For months now, whenever the Halloween conversation came up, I said yes to any costume idea. I knew it would change soon enough, and most of them are doable.
And though I’m a fan of not spending much on costumes—and making pieces at home to make them a little different—I figured we could pull most of these off. And we had plenty of time.
But all of a sudden it’s October. So I think we need to start pinning this down.
And there’s the challenge.
Leo and Daniel are full of ideas. And they love every single one.
If Mama got to pick, they’d be a beaver and a ghost, since those are the handed-down costumes we have hanging in their closets. But I’m still trying to figure out how large a vote I get here.
You see, when I was a child, I never picked my Halloween costume. (I’m on the left in this photo.)
As Halloween approached, my five siblings and I looked through the family costume supply and picked whichever one fit that year.
The baby was a banana—dressed in yellow, with a banana sticker stuck on the back—before graduating to the mouse costume. I remember dressing as a clown, a crayon, a rabbit, a cat, a dinner table—and I brought home full bags of candy every year.
My brother Ricky dressed as a robot—in the same set of aluminum-foil-covered boxes—for years.
We don’t trick or treat together anymore, so for all I know he still wears the same costume
So this whole concept that children get to choose their costumes is a new one for me.

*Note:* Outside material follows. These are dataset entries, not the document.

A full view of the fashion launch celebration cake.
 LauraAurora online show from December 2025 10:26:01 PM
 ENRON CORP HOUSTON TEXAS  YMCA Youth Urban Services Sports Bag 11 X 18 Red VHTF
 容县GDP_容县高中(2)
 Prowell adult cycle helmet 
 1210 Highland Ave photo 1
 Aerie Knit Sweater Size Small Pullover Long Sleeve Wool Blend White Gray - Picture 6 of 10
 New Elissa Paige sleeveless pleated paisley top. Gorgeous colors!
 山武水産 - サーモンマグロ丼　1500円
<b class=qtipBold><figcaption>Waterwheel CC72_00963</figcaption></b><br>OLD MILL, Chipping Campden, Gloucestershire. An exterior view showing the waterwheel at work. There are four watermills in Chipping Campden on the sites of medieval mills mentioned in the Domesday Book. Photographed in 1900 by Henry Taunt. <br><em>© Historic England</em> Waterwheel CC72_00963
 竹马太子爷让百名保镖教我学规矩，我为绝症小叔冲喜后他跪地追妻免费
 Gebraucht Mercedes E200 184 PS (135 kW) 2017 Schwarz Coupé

But Leo is almost 5. He and Daniel are also in preschool, and so they are probably hearing from the other children that you get to decide what you want to be for Halloween.
And so the deliberation continues, as the boys consider superheroes, uniforms of civil servants, animals, storybook characters, Bigfoot, aliens, and vehicles.
If I had my guess, Daniel will end up as a firefighter, and Leo will be a high-speed bullet train engineer. But every now and then I talk up the beaver costume. It fits both of them and looks great.
Of course, I have to be careful with my costume marketing. If both boys decide they want to be the beaver, I’ll be in trouble.
Mainly, though, I’d just like someone to make a decision so I can get started on the assembly.
A few nights ago Daniel told me he knew what he wanted to be. I held my breath hoping it was something I could handle.
“Be garbage duck man…fire duck man—same time!” he said, with a huge smile.
Well, it’s easier than combining Peter Rabbit with the bank robber.